(Task to complete):
Before you write out the listing, remove the pictures; everything else stays exactly as it is.

(Given information):
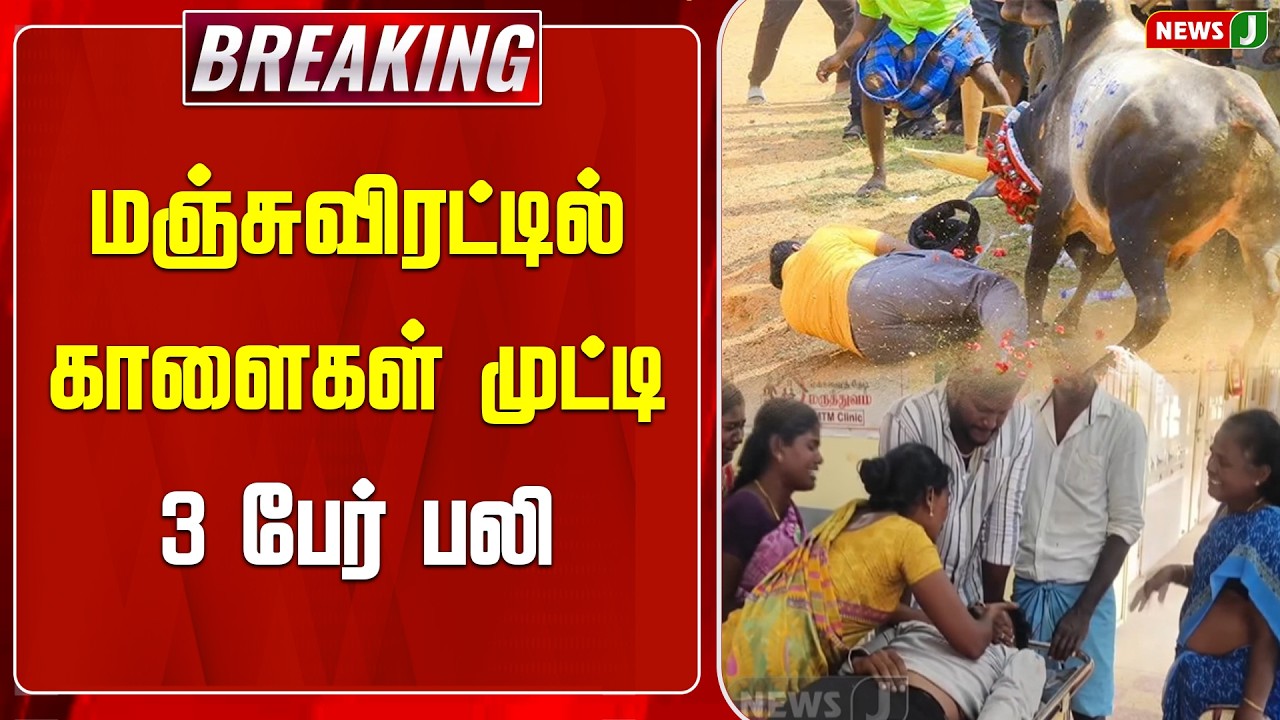 #BREAKING || மஞ்சுவிரட்டில் காளைகள் முட்டி 3 பேர் பலி..! | JALLIKATTU | NEWSJ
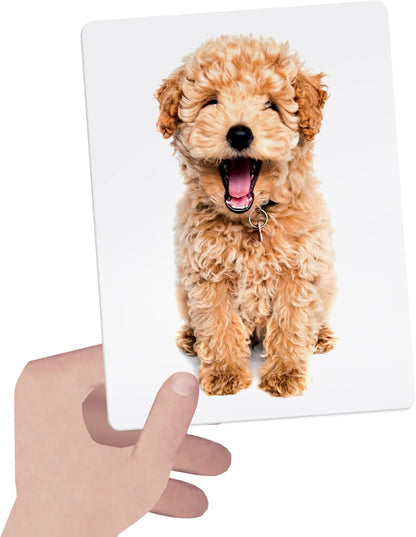 Montessori Tactile Flashcards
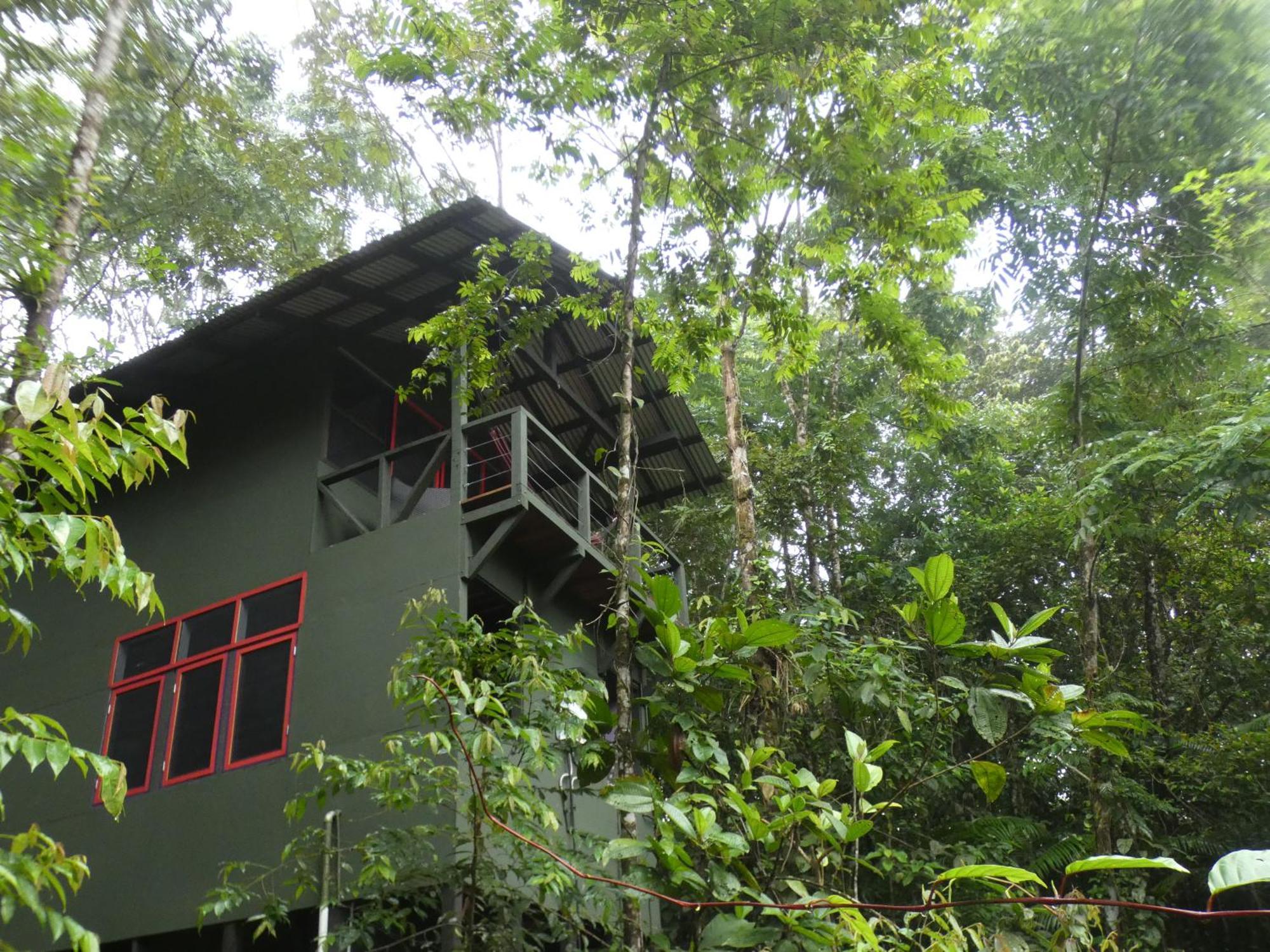 Sarapiquí Yatama Rainforest Ecolodge מראה חיצוני תמונה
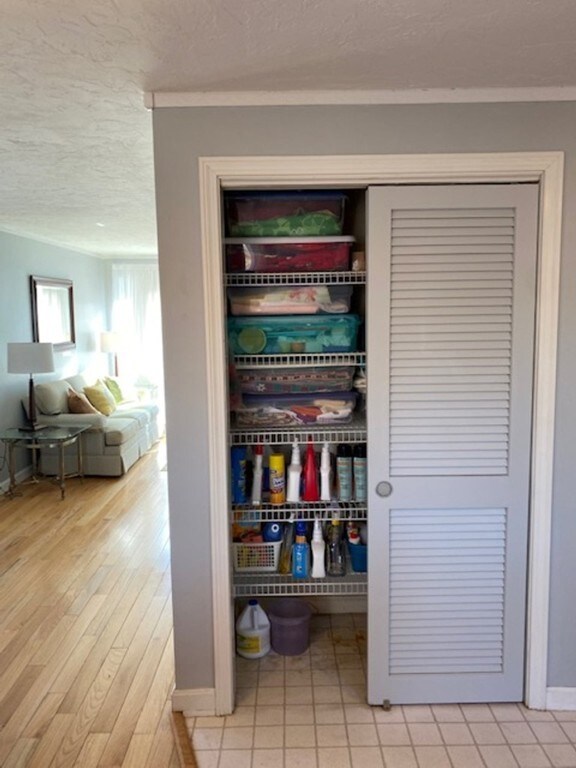 903 Irving Rd, Randolph, MA 02368 - photo 4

(Written response):
 #BREAKING || மஞ்சுவிரட்டில் காளைகள் முட்டி 3 பேர் பலி..! | JALLIKATTU | NEWSJ
 Montessori Tactile Flashcards
 Sarapiquí Yatama Rainforest Ecolodge מראה חיצוני תמונה
 903 Irving Rd, Randolph, MA 02368 - photo 4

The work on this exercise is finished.